When ​this glitzy, casino-based Japanese restaurant first opened a couple of years back, we dismissed it as rich kid disco sushi – big flavours and easy​-​to​-​understand hand rolls that still taste good after a sweaty session with Redfoo at Marquee. But if it was once true, now it ain’t necessarily so. There’s more going on here than first meets the chopstick. Chefs Chase Kojima and his new offsider Takashi Sano now command the most impressive sushi counter in Sydney. The only challenge is landing a seat.

The only way to guarantee a place at one of the counter’s eight spots (there are more actual seats, but they only serve eight guests at a time to keep the quality control tight) is visit Sokyo’s webpage at thestarsydney.com.au and enquire, otherwise it’s a matter of first come, first served and highballs at the bar.
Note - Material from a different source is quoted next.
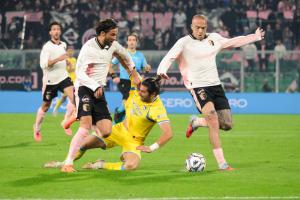 Palermo, Italy, 1 November 2025. Renzo Barbera Stadium, Palermo vs Pescara, match valid for the 2025/2026 Serie B championship. In the photo: Antonio Palumbo (Palermo FC) Bartosz Bereszynski (Palermo FC) and Antonio Di Nardo (Pescara)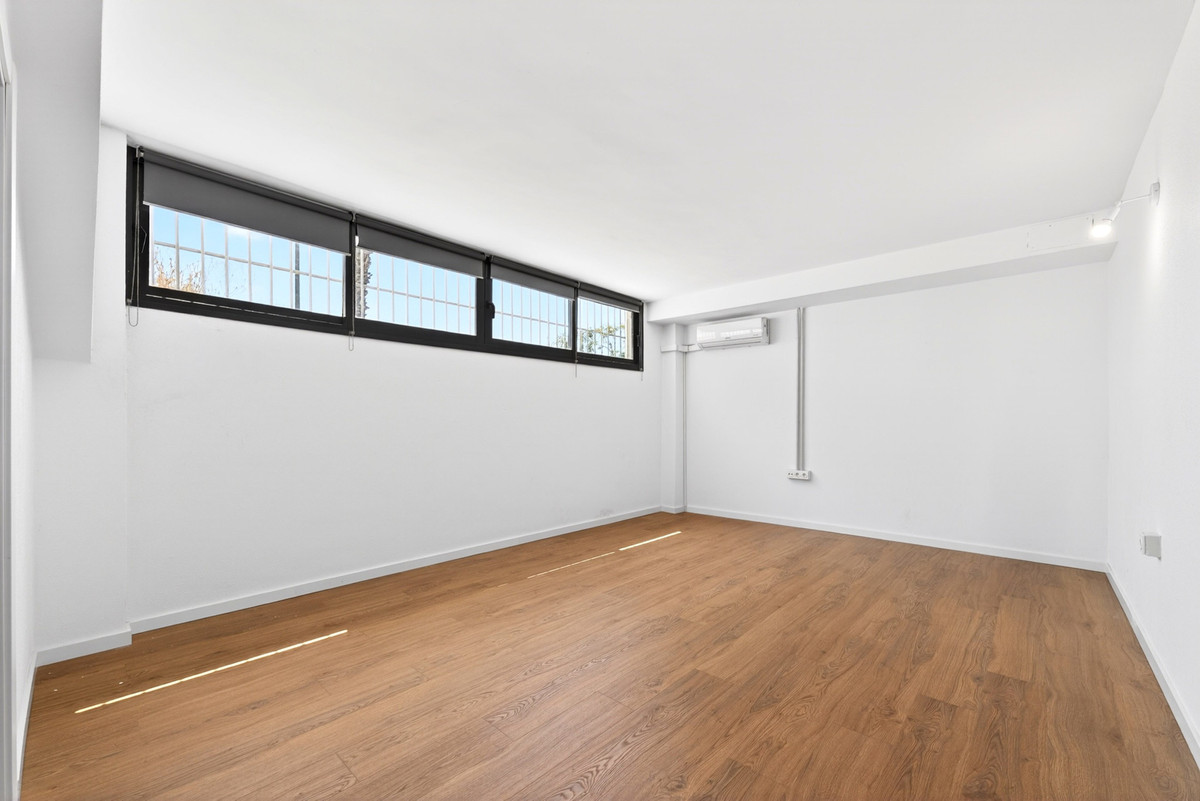 Appartement te koop in Málaga Este | 4 slaapkamers H5420239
It’s a battle royale every night at the sushi bar between the two chefs. Will you choose Sano-san, and his love of melting softness, or tuna-obsessed Kojima-san? Nothing’s against the rules. Over the past couple of years, they’ve been flavour-gambling, ageing tuna like Neil Perry ages steak, some of it well past the three-week mark. “We taste every day,” says Kojima. “We slice it, we eat it. We think ‘can it taste better than this?’ We go, ‘Right. I think it’s better. One more day.’ And, sometimes, the next day, “fuck.”

The menu starts at $100 per person, omakase style, which means you trust the chef to put down whatever they feel like making. That typically includes some stuff from the regular Sokyo menu, like rosy slices of tuna tataki with sweet mushrooms and some really impressive tempura cuttlefish, curled and pale and perfectly crisp. ​But ​to be​ perfectly honest, we’d rather skip straight to the lightly seared salmon belly nigiri.

We’re here with Sano-san tonight. He serves a slice of aged bluefin tuna draped with a sliver of white Tasmanian sea urchin roe (call it shiro uni, if you want to be extra ​fancy), covered with shavings of fresh truffle and nestled on a sheet of crisp, puffy fried nori. “Eat it like a taco,” says our waitress. We don’t need to be told twice.

They experiment quite a lot here, whether that’s ageing fish for weeks on end, or perfecting that crisp, almost crackling-like nori. Having worked on ​perfecting it for the past 18 years, Kojima says it’s all about the slight moisture of the seaweed hitting the extremely high heat of the deep fryer for just a second. Bridging the gap between traditional and semi-traditional means Sano-san may follow that dusty, buttery, creamy little bite with a straight piece of firmer, semi-fatty tuna simply brushed with soy, or a piece of scorched scampi. The take-home message is it's all next-level in terms of quality, savour and texture.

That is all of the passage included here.